Re: [Boston.pm] merging lists that are ordered but not sorted

2008-01-30 Thread Uri Guttman
> "TS" == Tolkin, Steve <[EMAIL PROTECTED]> writes:

  TS> As another aside, if people are interested I can send 77 lines of data
  TS> for each of these 2008 model year cars: Camry, Accord, Infiniti_G35,
  TS> Impreza, Altima, Audi_A4, Volvo_S40, Saab_9_3
  TS> I would not mind off-list opinions on any of these cars.  In general I
  TS> want a car with width <= 70.7 inches (the Accord at 71.7" is probably
  TS> too wide to fit in my garage), and would like AWD.

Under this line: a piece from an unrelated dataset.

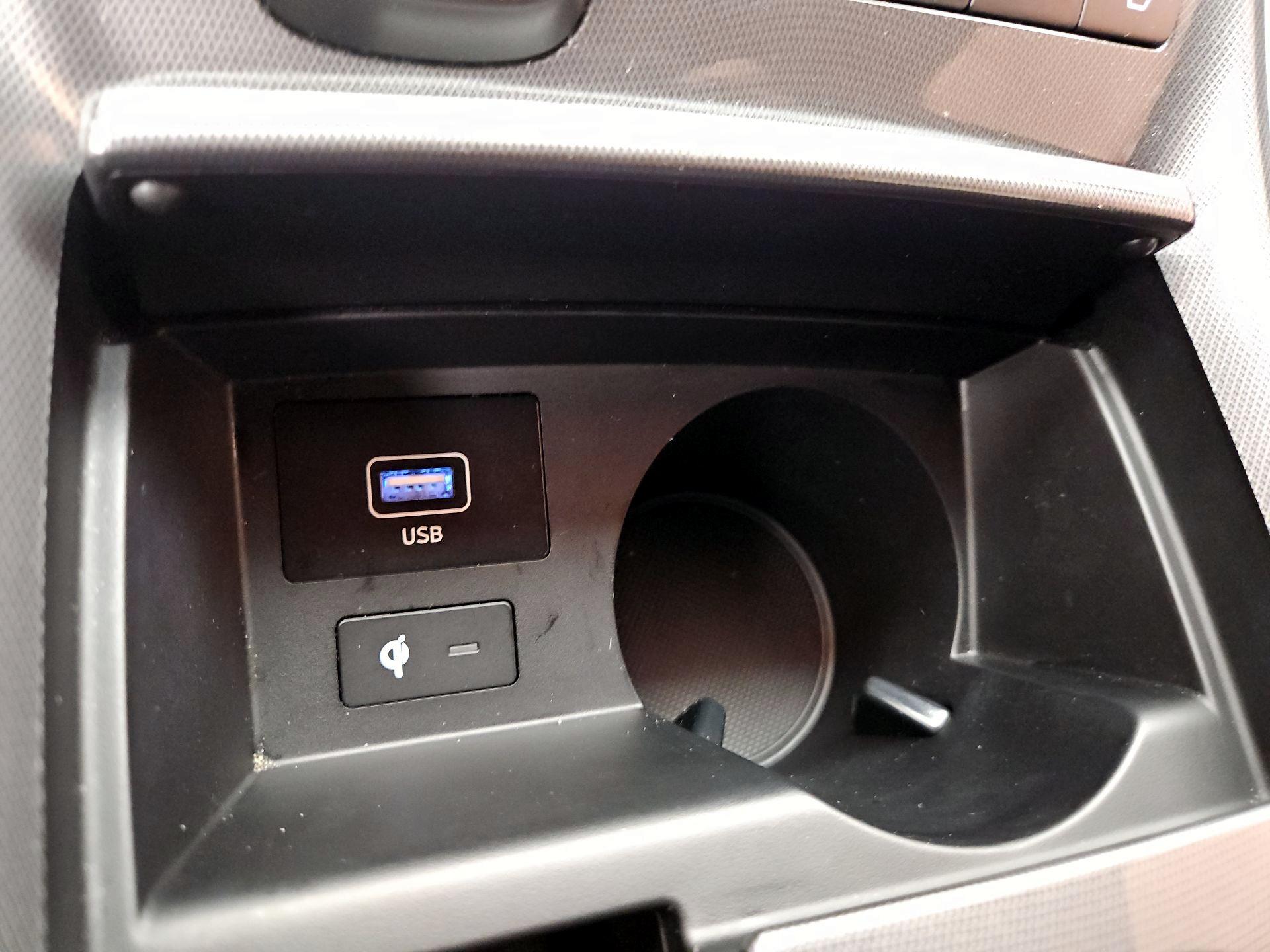 Thumbnail: 2023 Hyundai Santa Fe - 19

well, knowing the size of the real world data is an important fact. you
said you didn't want to scan all the date before the sort but as you
have learned, tsort has to do that. 77 lines for each car is a tiny
amount of data which shouldn't have caused you to worry so much about
efficiency. even a bubble sort is cool for 6 elements!

uri

-- 
Uri Guttman  --  [EMAIL PROTECTED]    http://www.sysarch.com --
-  Perl Architecture, Development, Training, Support, Code Review  --
---  Search or Offer Perl Jobs  - http://jobs.perl.org  -
-  Gourmet Hot Cocoa Mix    http://bestfriendscocoa.com -
 
___
Boston-pm mailing list
Boston-pm@mail.pm.org
http://mail.pm.org/mailman/listinfo/boston-pm


Re: [Boston.pm] merging lists that are ordered but not sorted

2008-01-30 Thread Tolkin, Steve
I am replying to myself to thank all the Perl mongers who replied with
help.
Indeed, my problem is topological sort, as stated by Alex Vandiver and
Gyepi SAM.
I did not see that because the input format is different from that
required by the Unix tsort program.

A search for: tsort "perl power tools"
found this
http://search.cpan.org/src/CWEST/ppt-0.14/html/commands/tsort/index.html
which leads directly to the perl code I used this to solve the problem.
Note the strange name -- tcsort not tsort.  (Perhaps in homage to Tom
Christiansen, the prime mover of the very useful but moribund ppt
project.)

I earlier found tsort.exe (port to Windows) inside
coreutils-5.3.0-bin.zip at
http://sourceforge.net/project/showfiles.php?group_id=23617_id=1
42775 Unfortunately this tsort.exe depends on libintl3.dll which was not
in the *.zip file and which I could not find anywhere.
Aside: Does anyone know where I can get a libintl3.dll ?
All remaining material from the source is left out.